Former Immaculate hurdler turns pro
Jamaica has a deep stock of high-class 100-metre hurdlers. It could be deeper next year as former Immaculate Conception High School standout Jeanine Williams is going pro. With three years of notable performances under her belt at Georgia Tech University, Williams has set her sights on a place on Jamaica's team at the 2020 Olympics.
Fourth in the NCAA Championships final won by fellow Jamaican Janeek Brown, Williams intends to focus on athletics for a few years before following a dream of becoming a doctor. "I'll try to go pro for a couple of years and then after I'll take my talents to med school because that is the ultimate dream, to become a doctor," she said. "I can't do both, so I have to do track first and then go to med school."

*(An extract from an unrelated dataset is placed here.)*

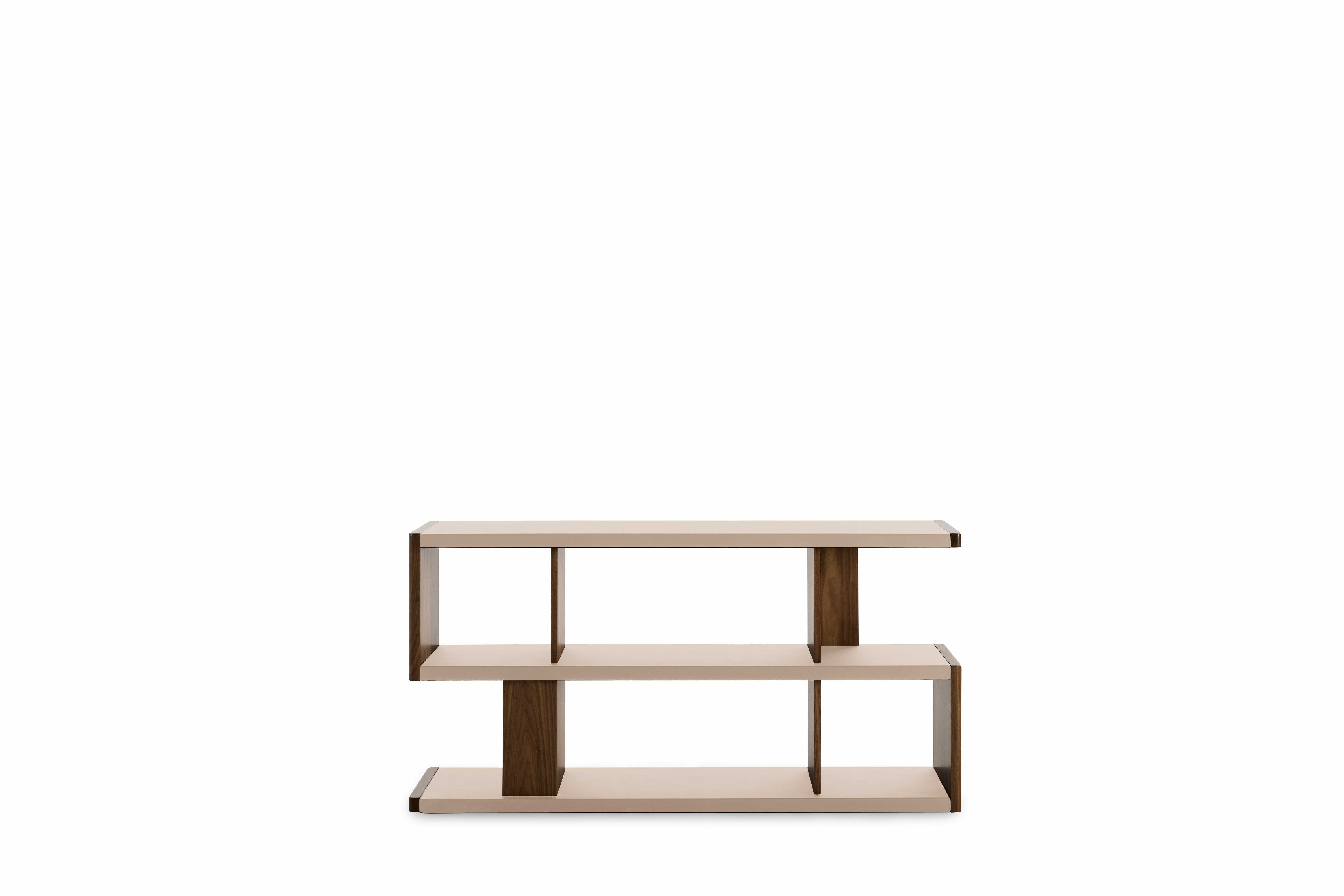 New Canaan Low Bookshelf - Walnut, Bristol Leather, Champagne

Three years of improvement
In May, she lowered her personal best to 12.72 seconds to become the 14th fastest Jamaican ever and reached the NCAA final to conclude three years of improvement under Georgia Tech hurdles coach Nat Page, who was once married to sprint queen Merlene Ottey. "He's really helped me a lot and we still have a lot more things to work on and I don't think I should change my coach now especially with Olympics next year," Williams said of her decision to stay in Atlanta.
She left Immaculate for Auburn University in 2015 after winning silver at the Carifta Games. "In my freshman year, I didn't see things going upward for me, then I got a transfer to Georgia Tech. Then I started training with Coach Page and started to see a change, a change in my technique, a change in how I ran. My times were dropping, and I said, 'OK, maybe there're a chance'," she reflected.
Confirmation came in 2018. "In my second year at Tech, I became Conference champion, indoors and out, and I said, 'OK, all right, that seems good', and then there was the Athletics World Cup and I got second and I was like, 'O wow. This is like world-class and I got a silver medal. Clearly, there's something there, and clearly this is something I can do'," she said.
The Jamaican hurdles scene is hot. Danielle Williams, Brown and Megan Tapper placed third, seventh and eighth, respectively, at the World Championships in Doha. Williams isn't daunted. "What happened with the whole Trials and the whole team selection thing that happened, I kind of got a drive to ensure that whatever happens, I will always make the team," she said.
Her personal best of 12.72 makes her the sixth fastest active Jamaican behind namesake Williams, Brown, Tapper, Rushelle Burton, Britany Anderson and Doha semi-finalist Yanique Thompson.